Tyler is a corporate lame duck. When his company was bought by a major competitor eightteen months ago, Tyler knew the odds of keeping his job were slim to none. Tyler doesn’t care.
After almost 20 years climbing the corporate ladder to reach an executive wrung, Tyler has had enough. In four months, when his current tour of duty is complete, Tyler plans to enroll in school and get his teaching certification. It will be a long way from the executive level position he now holds. Tyler can’t wait.
“ So," I asked, “what is a day in the life of a lame duck executive?”
“It doesn’t involve a lot of work,” he deadpanned. “I take long lunches and spend a couple of hours each afternoon working out in the exercise facilities in our building.”
“Doesn’t anyone notice that you’re not working?”
“My direct boss keeps giving me these projects that he thinks are important and will take up time. They’re not important, and they take no time.”
“You must be doing something with your time,” I pressed.
“I am keeping a journal of all the stupid things that have happened since the merger. So far, I have 72 entries. My hope is that Harvard Business Review will be interested once I’m out of here.”
With that, Tyler shared the entry 58, entitled “The future’s so bright we gotta wear shades.”
Shortly after the merger, it occurred to the new management that they might be having some cultural issues. To employees it had been abundantly clear for several months that the two cultures were as compatible as the Palestinians and Israelis. But to make sure, management spent thousands of dollars having an outside consultant confirm that yes, culturally, the two organizations were not compatible.
As Tyler explained, “Management’s solution was to create a culture program to promote the wonderful future of the new organization.”
A culture program, it turns out, is really an internal promotions campaign. Using the same methodology as a brand image advertising campaign, Tyler’s management believed by advertising the concept of a great corporate future, employees would believe they would have a great future with the corporation.
The culture program was called “The future’s so bright we gotta wear shades”. The promotion including handing out sunglasses to all employees. It’ wasn’t well received.
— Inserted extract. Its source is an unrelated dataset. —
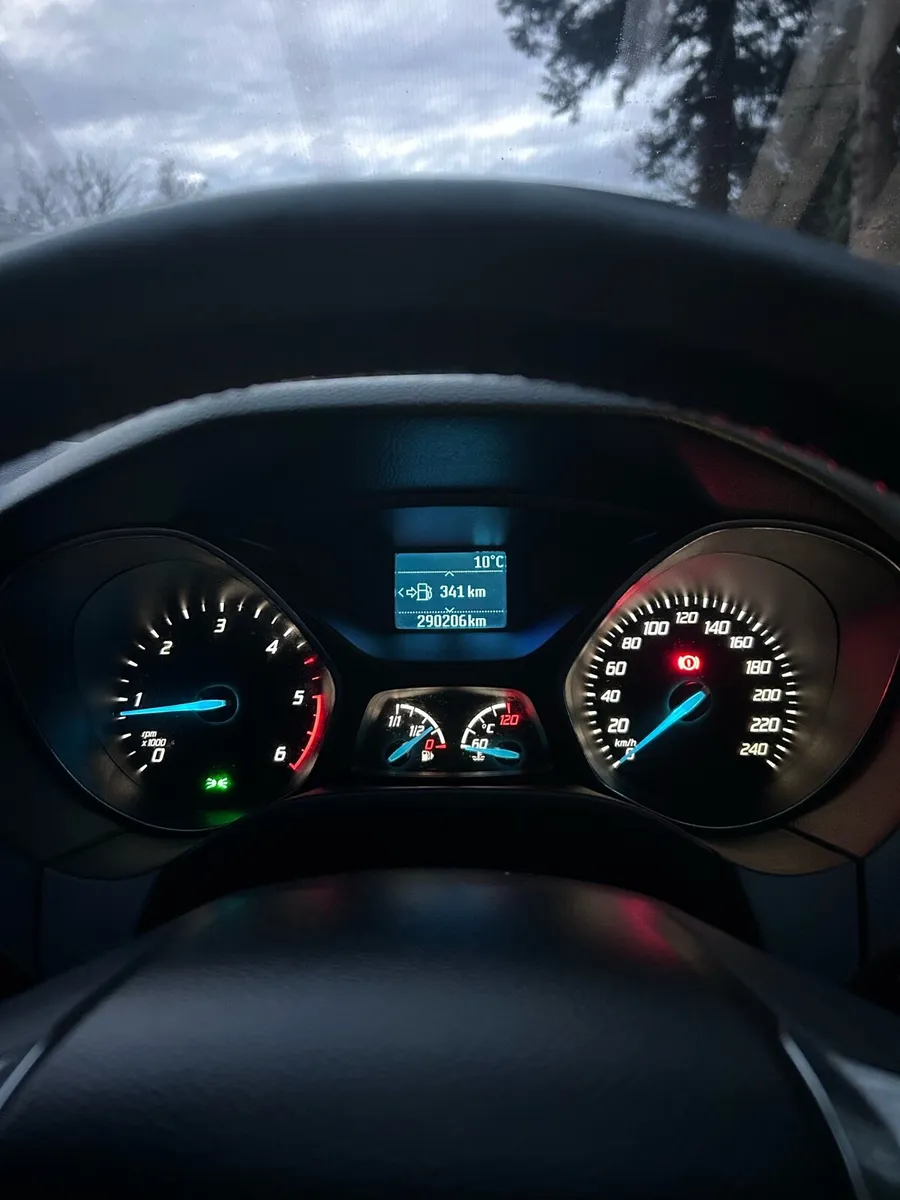 2014 Ford Focus 1.6 TDCi 95PS Edition – 4 Door - Image 4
“The CEO told me he was really frustrated that employees weren’t responding to the sunglasses message,” explained Tyler. “The CEO said, ‘I’m psyched about it. It’s a great and I think if I could come to your team personally and hand out the sunglasses, they’ll think it’s a great message to.”
A member of Tyler’s team tried to dissuade him, reminding the CEO t that 95% of the people on the team were scheduled to lose their jobs by November 2004. In addition, thanks to a new calculation, their compensation package had been reduced 15-20%. In other words, The CEO was told Tyler’s team didn’t care about the corporation’s future.
“Did he listen to you?”
“Of course not.” Tyler boomed, “The message is ridiculous. It’s like a governor going around to people on death row and asking what can I do for your vote. I know you’re going to die three days after the election, and I’m not going to pardon you, but I really need your vote.”
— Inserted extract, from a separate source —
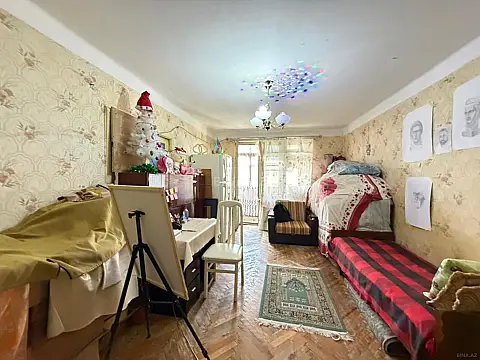 Satılır 4 otaqlı mənzil 110 m²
The CEO came to the meeting, but he did not conquer. He handed out the sunglasses. After the meeting, he asked Tyler why people had fallen asleep during his presentation.
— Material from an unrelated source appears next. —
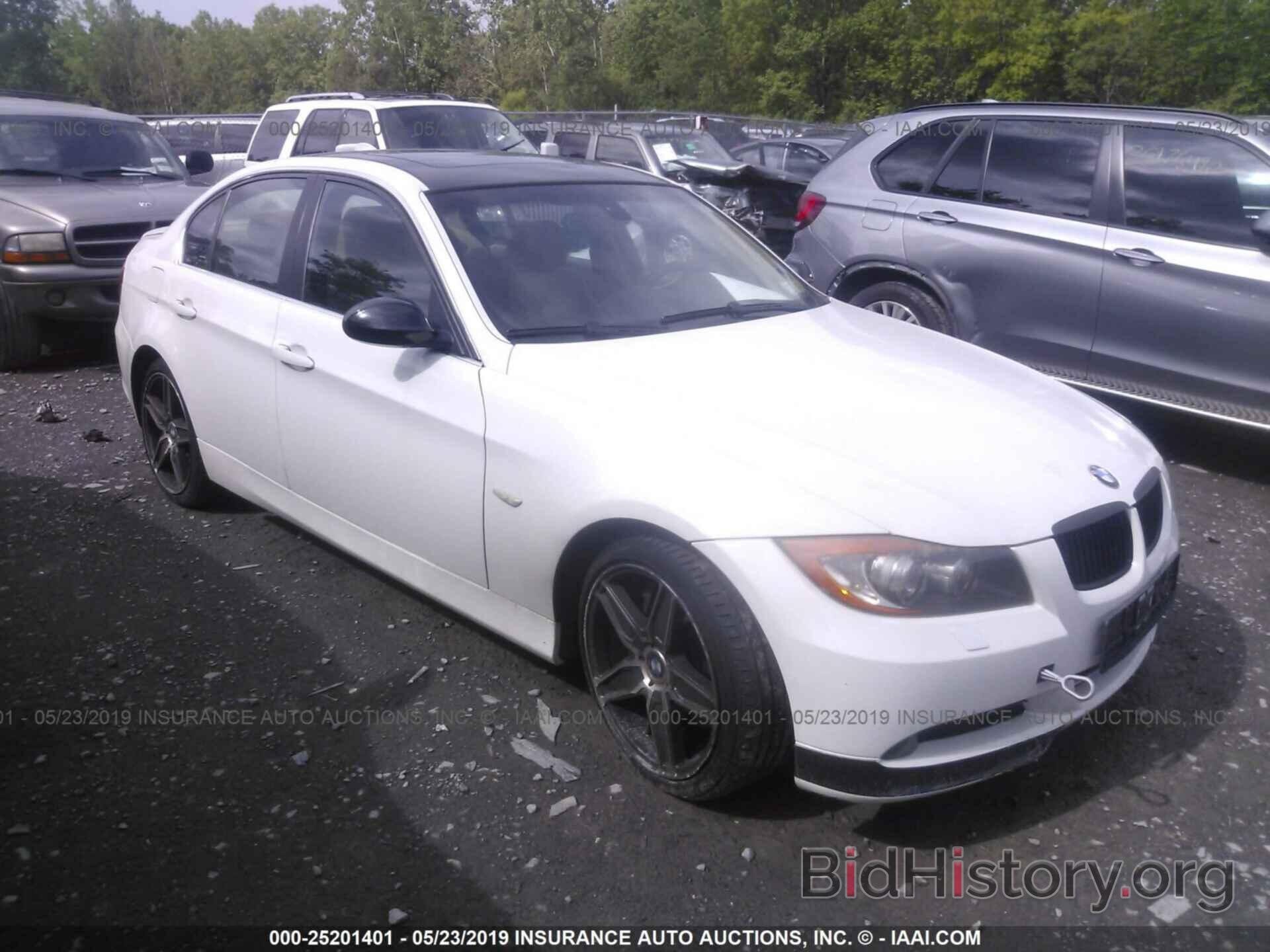 Photo WBAVD53588A283684 - BMW 335 2008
Tyler didn’t say anything. But, he excused himself saying he had to take care of a project. It was Project Journal. Entry 58. You can’t make this stuff up.
Note: The character Tyler is a real person. His name is changed. While his company did do a promotion and handed out tchotchkes to symbolize their growing culture, the campaign was not " The future is so bright you gotta wear shades," it was something similarly promotional. Tylers name and the actual promotion were changed to ensure that Tyler wouldn't get fired.